→ **WORK INSTRUCTIONS**
This task calls for the lines below starting at the one containing "Request the purchase" and ending at the one containing "There is a keyword", repeated exactly with both ends kept and pictures left out.

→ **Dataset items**
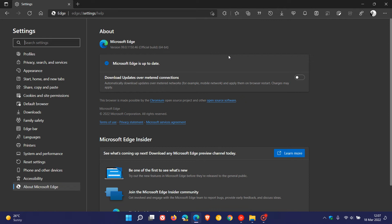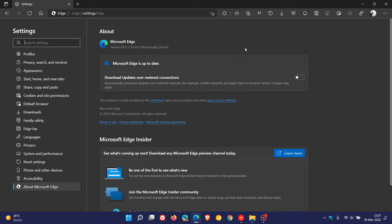That means an attacker can get authorization permissions beyond those initially given. As an example, an attacker with read-only permissions can elevate that to include read and write as well. This Microsoft Edge-specific security flaw has been addressed in this latest security update.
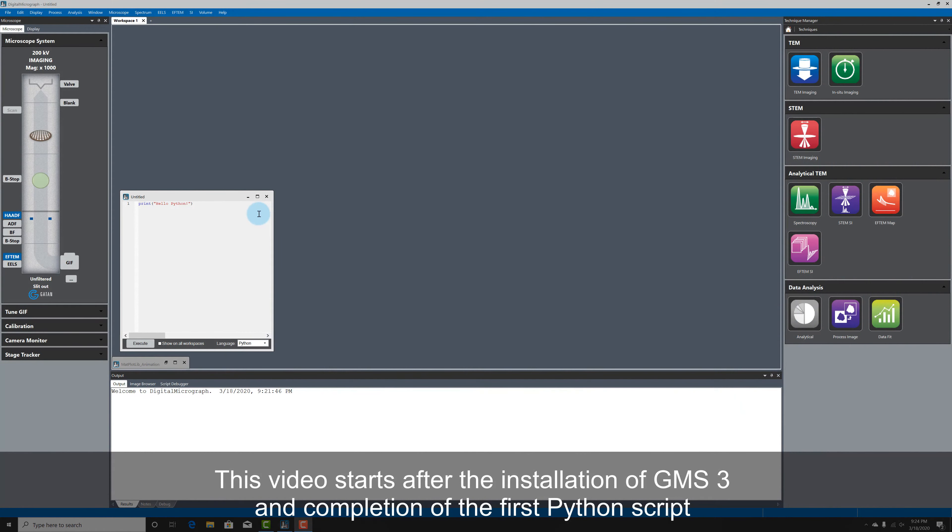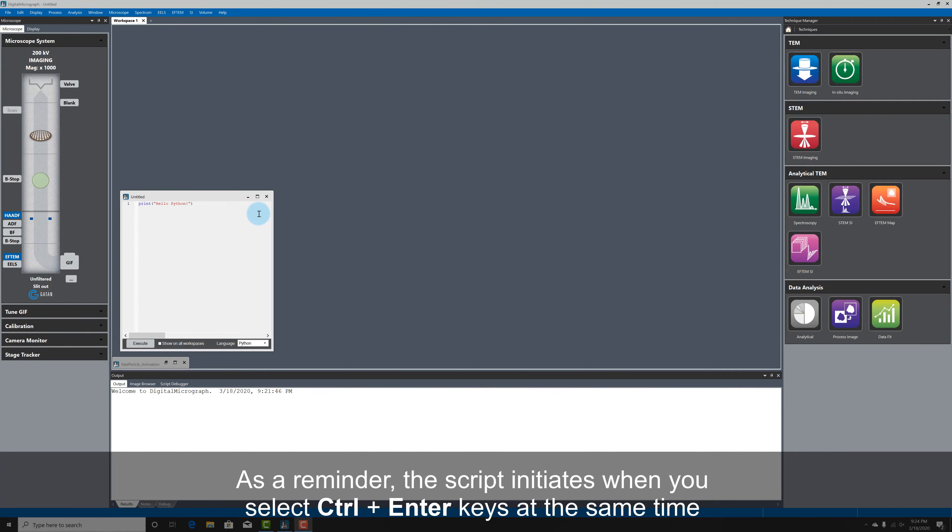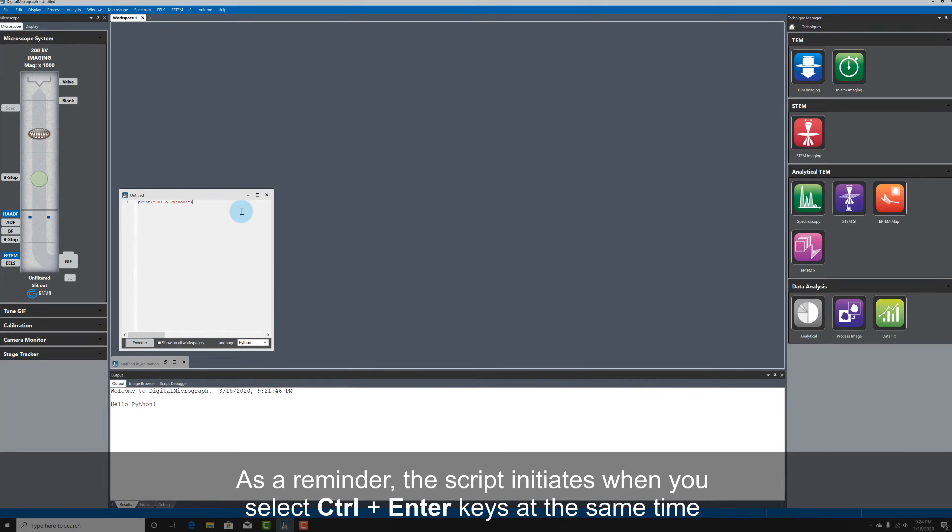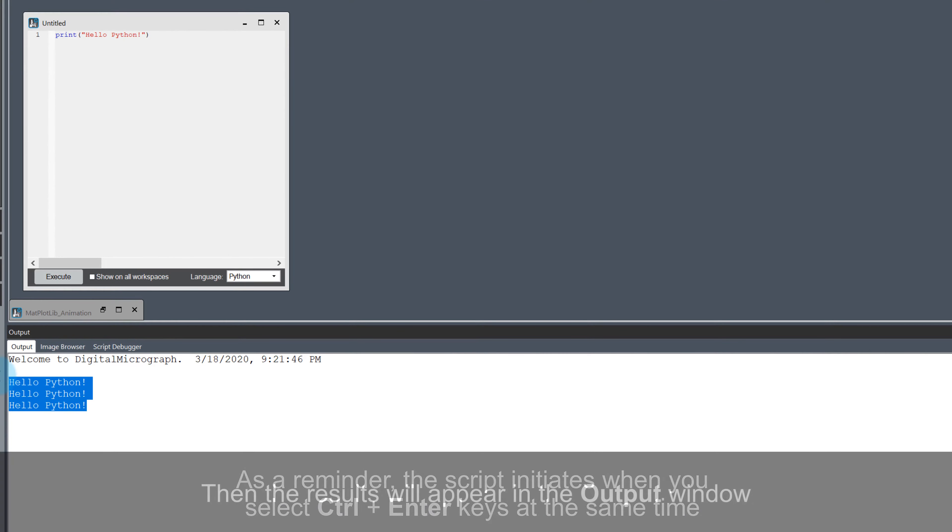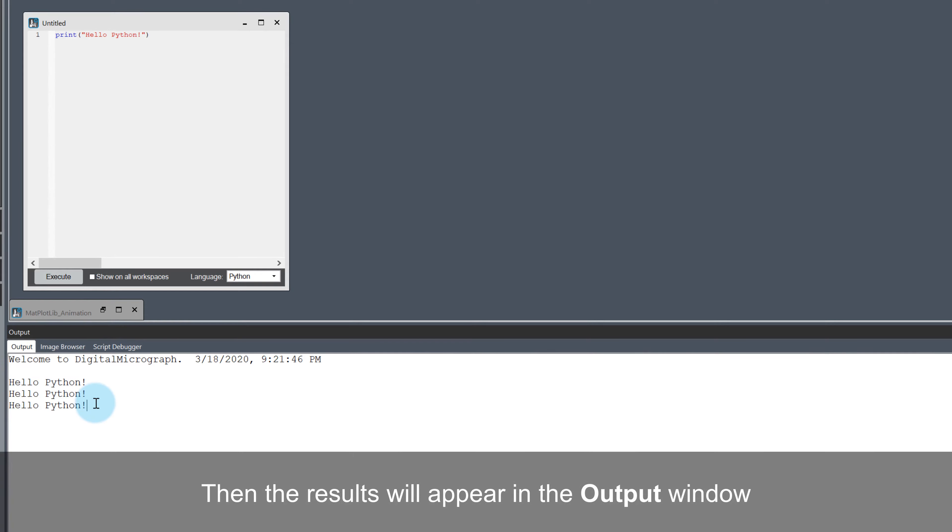I'm starting off from where we left before in video 1, with our first Hello Python script still open. If I hit Ctrl and Enter keys at the same time, the script is executed, as we saw before, and the output of the simple print statement is shown in the results window of GMS.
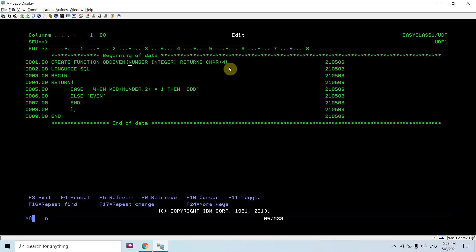Basically I am creating my own function, just as we have already used built-in functions like TRIM, SUBSTRING, SUM, or AVERAGE. But here I am creating my own function which I am going to use in my SQL statement. This function name is ODD_EVEN, which accepts one parameter — that is NUMBER as an INTEGER — and it returns a character of length four.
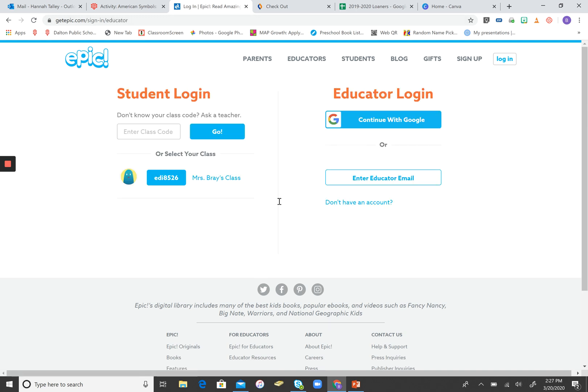Over here on the left side, you're going to enter the class code, and that class code was on the Canvas page with the assignment. It's EDI8526, and that's the code that you'll use for all of your EPIC books.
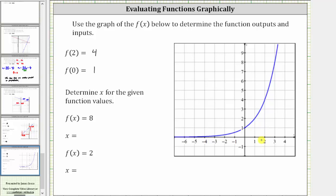For the next two examples, we're asked to determine x, the input, for the given function values or outputs. So here we're given f of x equals eight, where f of x is the output or y value, and we want to determine x or the input. Because we find the outputs or y values along the vertical axis, we first locate eight on the vertical axis, which is here, and now we find the point on the graph where the output or y value is eight, so we move to the right. This is the point on the graph where the output or y value is eight. Notice how the input or x value is three. This ordered pair indicates when the function value or y value is eight, the input or x value is three. So if f of x equals eight, x equals three.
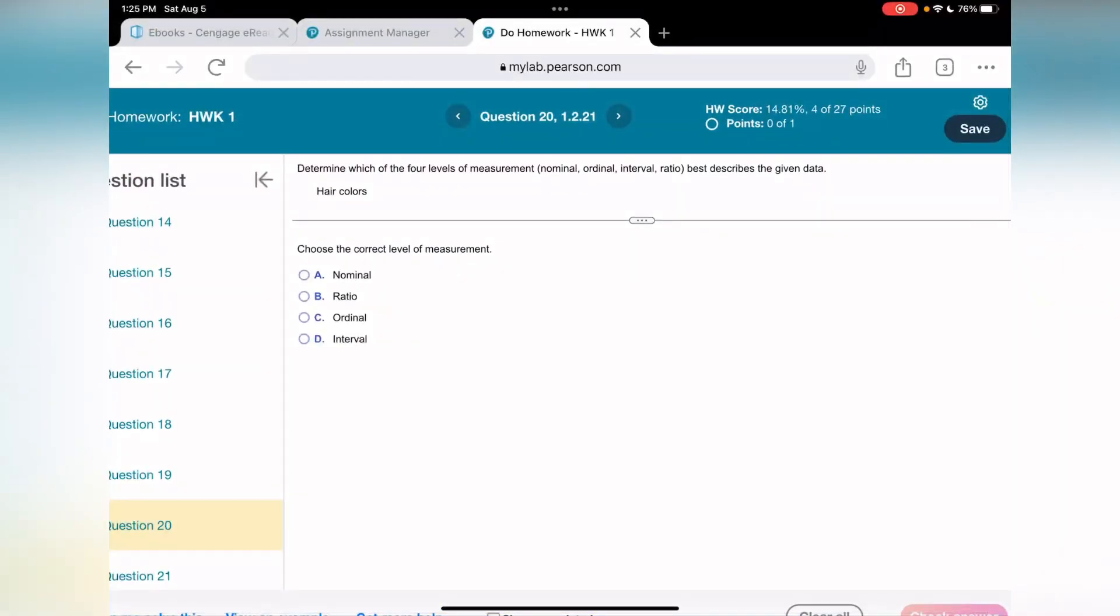Okay, let's continue. That will be the last part of our assignment. Question number 20. Determine which of the four levels of measurement - nominal, ordinal, interval, ratio - best describe the given data.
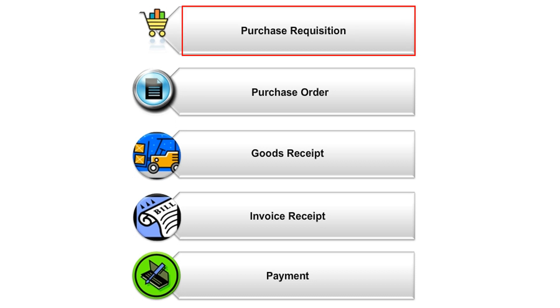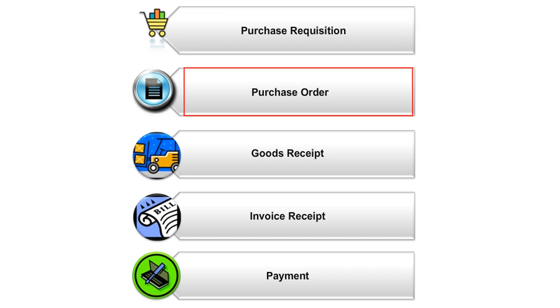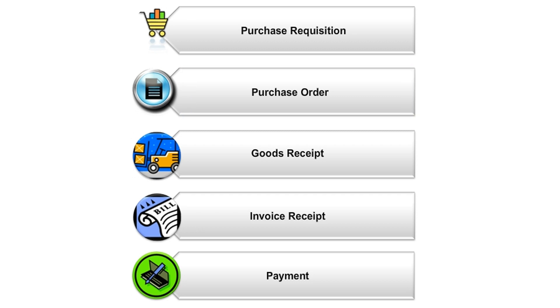Request the purchase of goods or services through the use of a purchase requisition. Convert the purchase requisition to a purchase order, or PO. Process POs and perform PO follow-up.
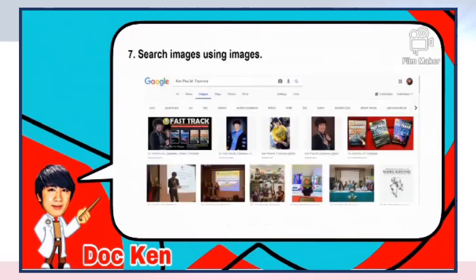And lastly, search images using Google Images. Using your mobile device's camera, you can search for an image online by going to Google Images, activating your camera, and taking a picture of the image you are searching for. Google will then provide you with similar images from the web.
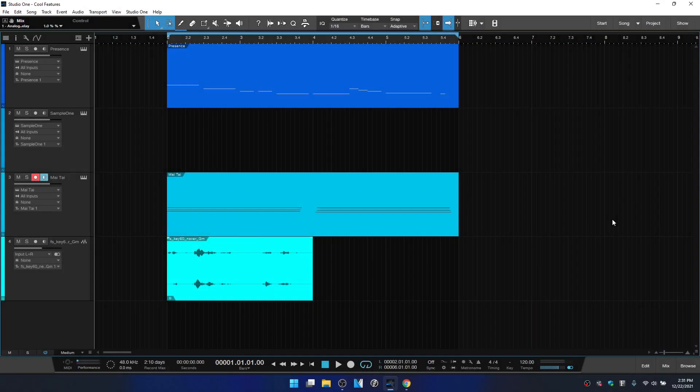In this tutorial, we're going to take a look at a bunch of features that I think are pretty cool within Studio One. Before we get started, if you're someone who is having issues with Studio One or would like to speed up the learning curve, I do offer one-on-one training via Zoom, or if you've been finding the tutorials helpful and would like to buy me a coffee or a beer, there's information for both of these in the description or the pin comment below.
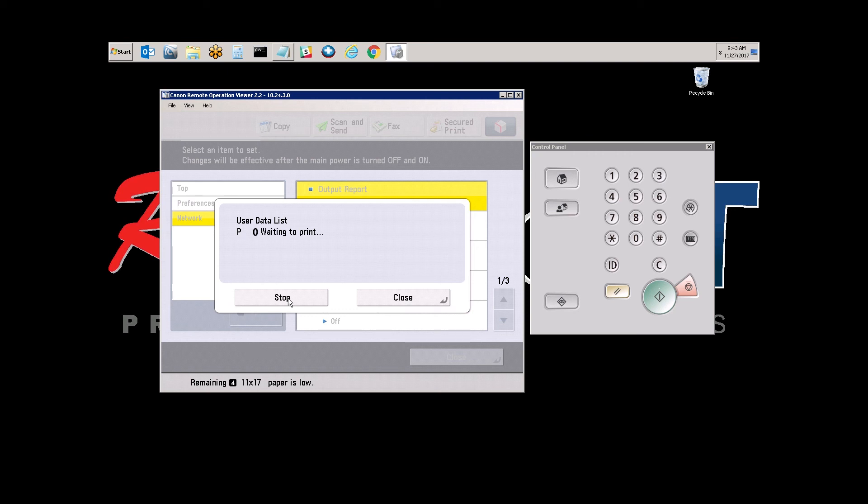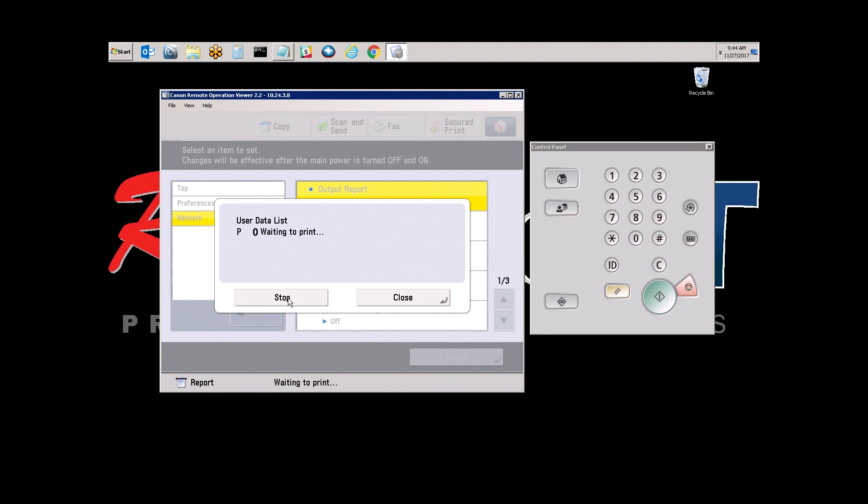This will print out the Network Report. It will outline the IP, DNS, Gateway, Subnet, scan settings for SMTP scanning, the hostname, the MAC address, a number of pertinent items that you will need to work with IT or to install a print driver. It's a very useful list to have.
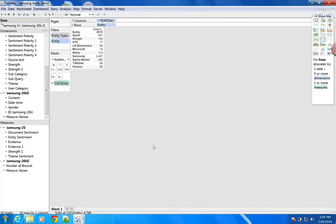Hi, I'm Seth Redmore, VP of Marketing at Lexalytics. This video picks up where the introduction video left off. We've already built an extract and are inside of a Tableau sheet. If you want to understand how to do that, please watch the first video in this series, which shows you how to easily take content from Excel, process it through Salience, and pull it into Tableau.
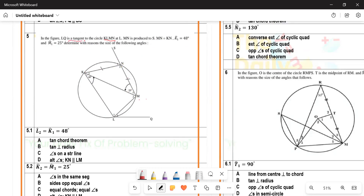There is a keyword here: tangent. What you should understand by tangent is you can look for the angle between a tangent and a chord. Here it is L2. We check the angle subtended by chord LM — that angle is K1. So these two angles are equal; if K1 is 48°, we expect L2 to also be 48°.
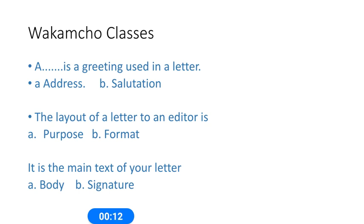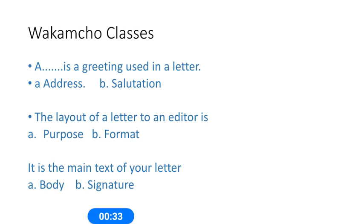Hello dear learners, welcome back to my channel, Wakamcho Classes. Today I am here with a set of MCQs based on your topic letter writing. This is very important - you got to remember that owing to this pandemic, there have been some drastic changes in terms of the question pattern as well as the syllabus. So here I am with sample MCQs for the topic letter writing.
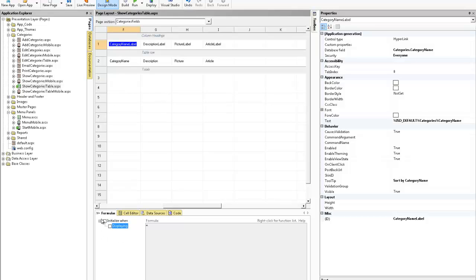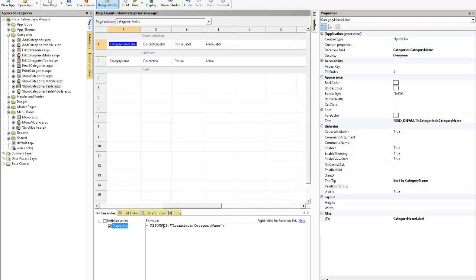So what we want to do is go down to the formulas tab, click on the displaying tab and in the formula we want to type in resource open round bracket. In this case I'm going to type translate category name close quote close round brackets. So this is how simple it is to use the resource tag.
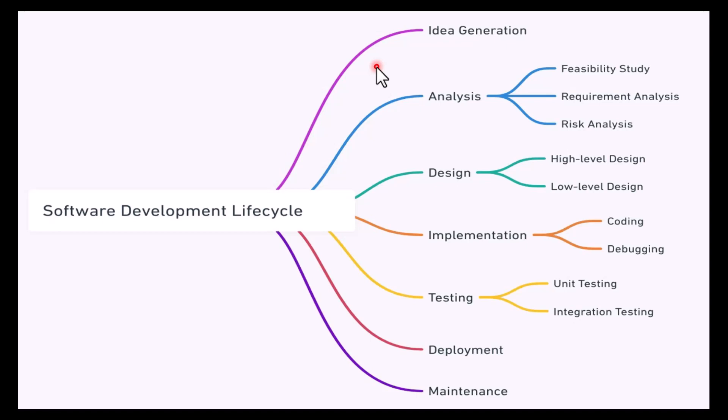The software development lifecycle is a systematic process for planning, creating, testing, deploying, and maintaining software applications or systems. As a software developer, it is very crucial to understand each phase of the SDLC to ensure the delivery of quality products.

→ **OUTPUT**
Request the purchase of goods or services through the use of a purchase requisition. Convert the purchase requisition to a purchase order, or PO. Process POs and perform PO follow-up.
And lastly, search images using Google Images. Using your mobile device's camera, you can search for an image online by going to Google Images, activating your camera, and taking a picture of the image you are searching for. Google will then provide you with similar images from the web.
In this tutorial, we're going to take a look at a bunch of features that I think are pretty cool within Studio One. Before we get started, if you're someone who is having issues with Studio One or would like to speed up the learning curve, I do offer one-on-one training via Zoom, or if you've been finding the tutorials helpful and would like to buy me a coffee or a beer, there's information for both of these in the description or the pin comment below.
This will print out the Network Report. It will outline the IP, DNS, Gateway, Subnet, scan settings for SMTP scanning, the hostname, the MAC address, a number of pertinent items that you will need to work with IT or to install a print driver. It's a very useful list to have.
Hi, I'm Seth Redmore, VP of Marketing at Lexalytics. This video picks up where the introduction video left off. We've already built an extract and are inside of a Tableau sheet. If you want to understand how to do that, please watch the first video in this series, which shows you how to easily take content from Excel, process it through Salience, and pull it into Tableau.
There is a keyword here: tangent. What you should understand by tangent is you can look for the angle between a tangent and a chord. Here it is L2. We check the angle subtended by chord LM — that angle is K1. So these two angles are equal; if K1 is 48°, we expect L2 to also be 48°.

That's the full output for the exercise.